As many would say it is what it is. The Raff reckons that at the next Federal election the protest vote against Liberal and Labour will be significant with legions turning to minor parties. It seems likely that never again will Liberal or Labor win power in their own right – crikey what a mess the country has become. The Raff’s remembers the golden years of the 1960s though to the mid-1970 – yep the Raff’s generation saw the best of times.
Some of Henry’s readers might remember that yonks ago The Raff wrote a note on the correlation between total World Trade (imports + exports) versus a commodity price index. What the picture presented at the time was up to 2002 the two series were visually well correlated. In 2002 China’s economy took off like a Saturn 5 Rocket and likewise so did World Trade. This is entirely as should be expected except that commodity prices lagged by 12-18 months and then shot up likewise.
It’s now nearly 40 years since The Raff has kept tabs on economic cycles and in that time he has seen a bewildering number of charts showing this and that correlations more numerous than ants in the pantry. But when it comes to commodities as a basket, there is nothing better than trends in World Trade, as the best indicator topredict the direction of basket commodity prices– this is simply because in the main, they are demand driven. Surprise, surprise: perhaps on of Henry’s readers might let The Raff know when if ever a broker type analyst has compared trade with prices. In all the years as a mining portfolio manager no such work was evidenced.
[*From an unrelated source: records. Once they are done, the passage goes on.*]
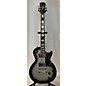 Used Epiphone Used Epiphone Les Paul Custom Silverburst Solid Body Electric Guitar thumbnail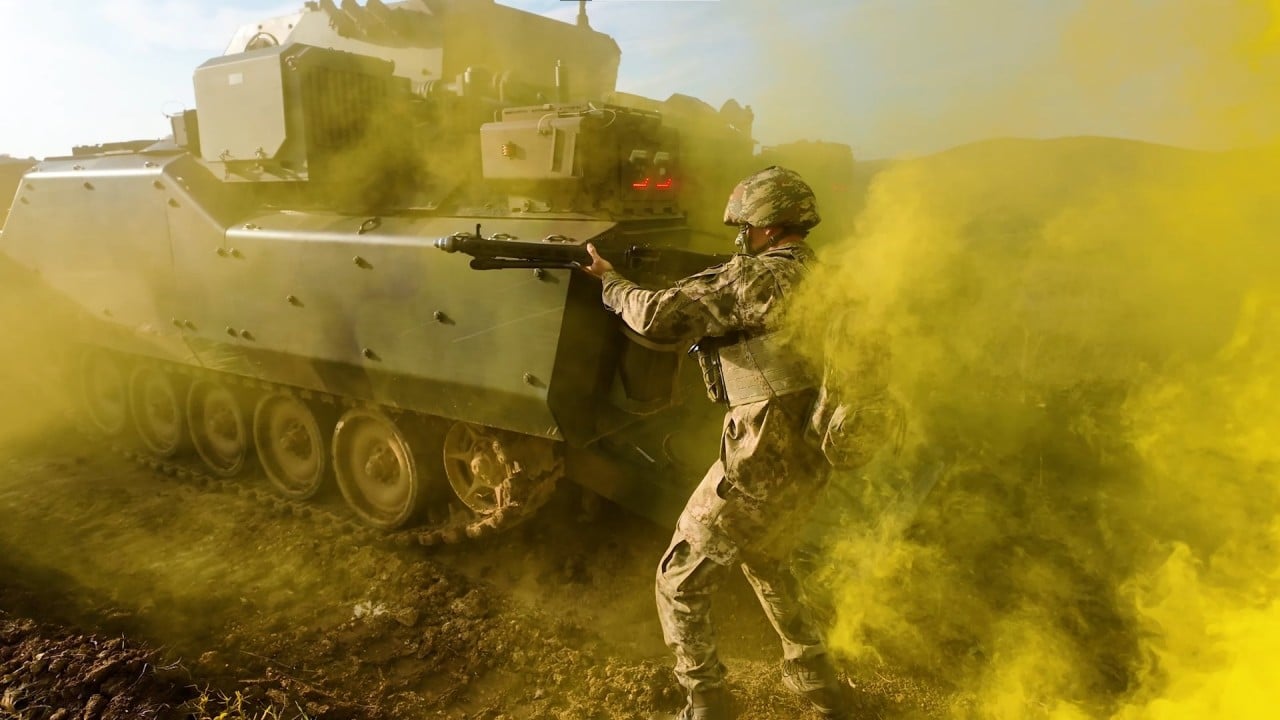 Foto - Düşmanı titreten askeri birlik! Türk piyadesi işte böyle eğitim alıyor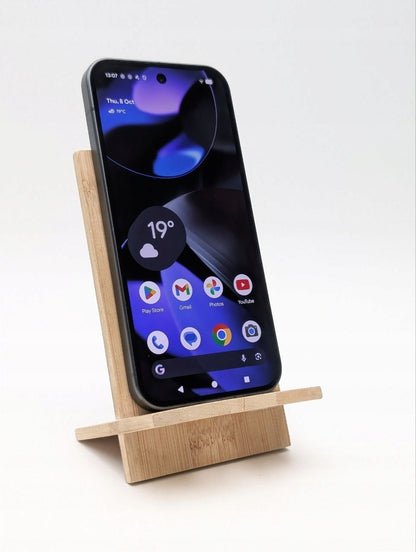 Google Pixel 9 256 GB Obsydian | Outlet, Bateria 90%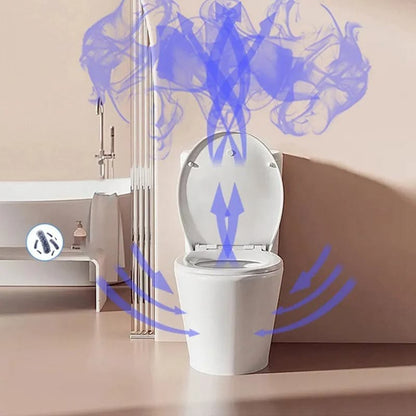 Ultraviolet Light Toilet Sterilization Disinfection Lamp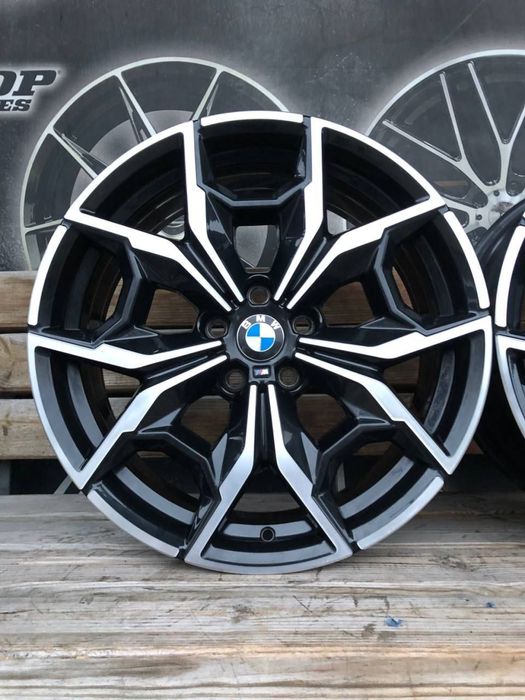 777 1-4 Поштучно оригинальные диски стиль 887М R19 5/112 BMW X3 G01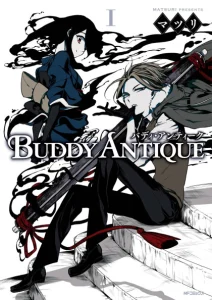 Cover Buddy Antique
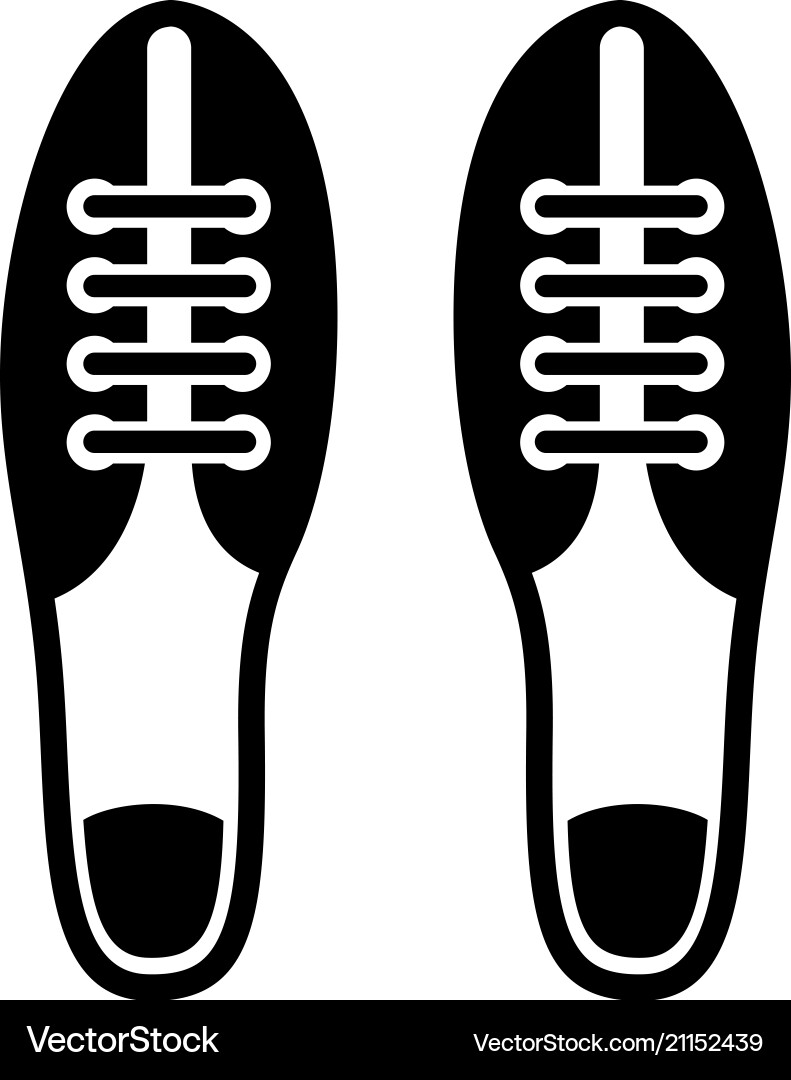 Fußball Fußballschuhe flache Ikone Fußball Fußballschuhe flache Ikone vektorbild
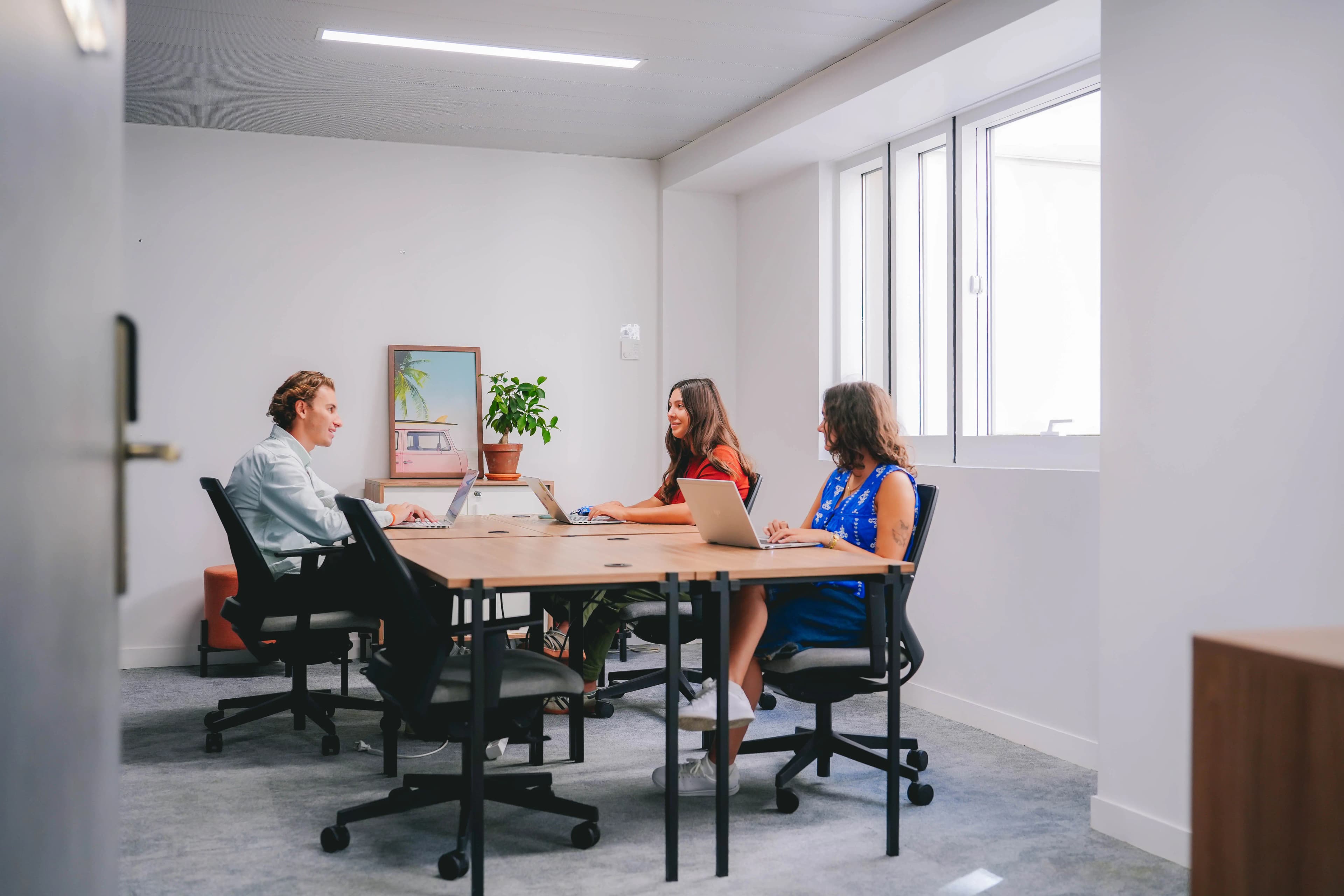Bureaux privés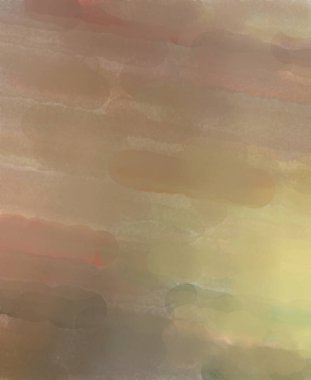 2D çizim. Sanatsal arkaplan resmi. Tablo üzerinde soyut resim. Çağdaş sanat. El yapımı resim. Renkli doku. Modern sanat eserleri. Yüzeyde suluboya fırça darbeleriyle boyama.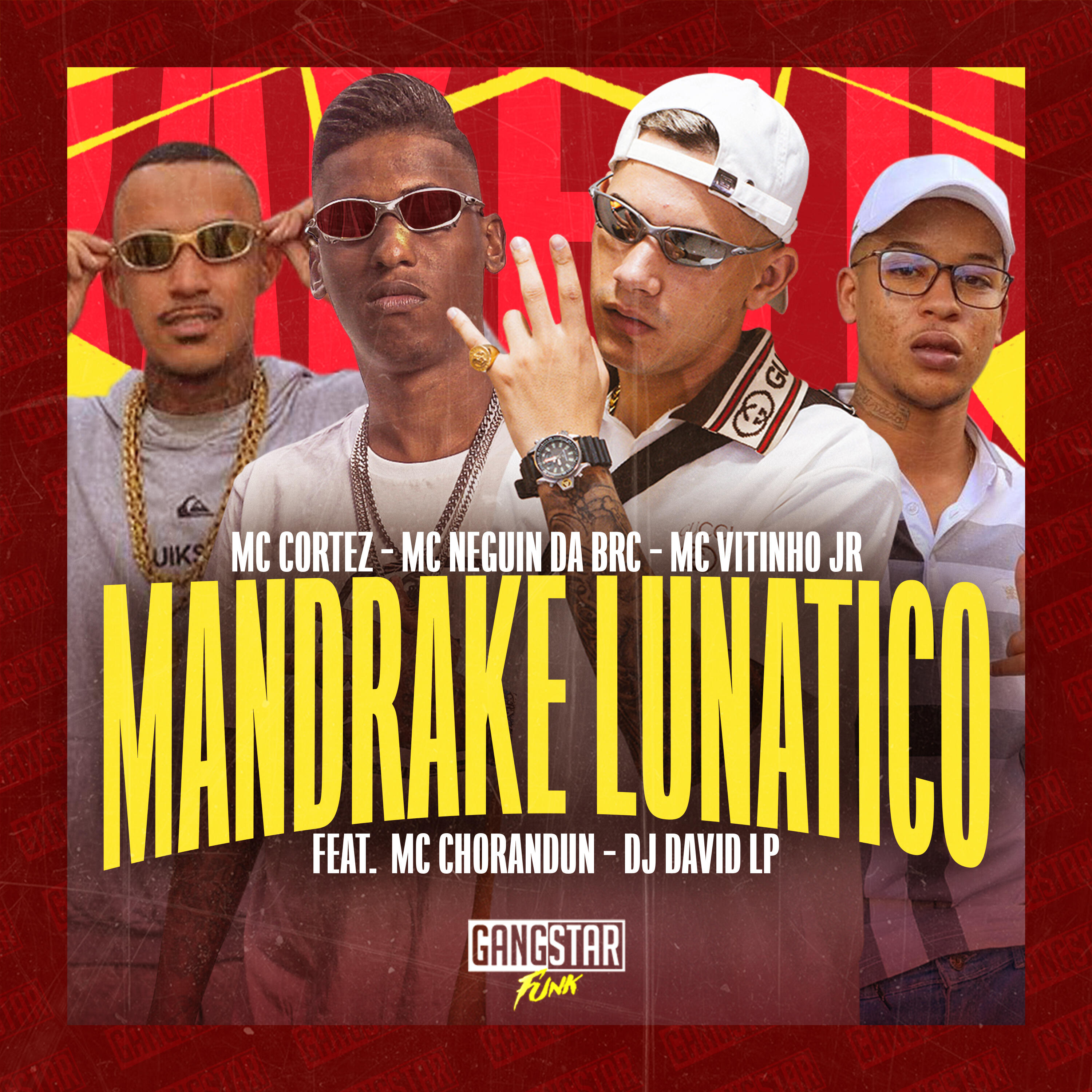 Релиз Mandrake Lunático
In July 2017 the World Trade Organisation started publishing a new WORLD TRADE OUTLOOK INDICATOR or WTI. The next two pictures show the WTI for July 2017 and the WTI for November 2017 including an outlook for 4Q 2017.
FIGURE 2: WTI – July 2017
FIGURE 3: - November 2017.
Ok, so the outlook for trade was slowing in 4Q 2017. In past booms World Trade has recorded y/y growth of +10%, reversing in downturns by the same or worse. For a host of reasons World Trade will not see the sorts of growth phases between 2002 and 2009. The interesting metric is the 3.2% increase from the figure published in July versus November. It’s probably just a coincident but 6-7% increase in WTI would match closely China’s reported GDP increase of 6.9% for CY 2017.
Assuming copper as a bellwether indicator of industrial health and strength of the USD, it’s worth noting that price is falling back and LME inventory increasing a tad.
FIGURE 4: LME 1-Year Copper Price.
FIGURE 5: LME 1-Year Inventory.
The mega miners like BHP and RIO have performed pretty well of late. Should World Trade continue to advance then leading resource stocks should continue to outperform the likes of the banks. The Raff will endeavour to keep Henry’s readers abreast of any changes in trade. The Raff admits to being somewhat tardy of late with contributions to Henry because he has accepted a wonderful opportunity to complete a PhD at UNSW over the next three and a half years. Since 1969 the sapphire deposits in Central Queensland, some 250km west of Rockhampton, continue to be of great interest – a thesis looking at the origins of the occurrences of these coloured gems is underway.
The Raff trusts that all of Henry’s readers have a healthy and successful 2018.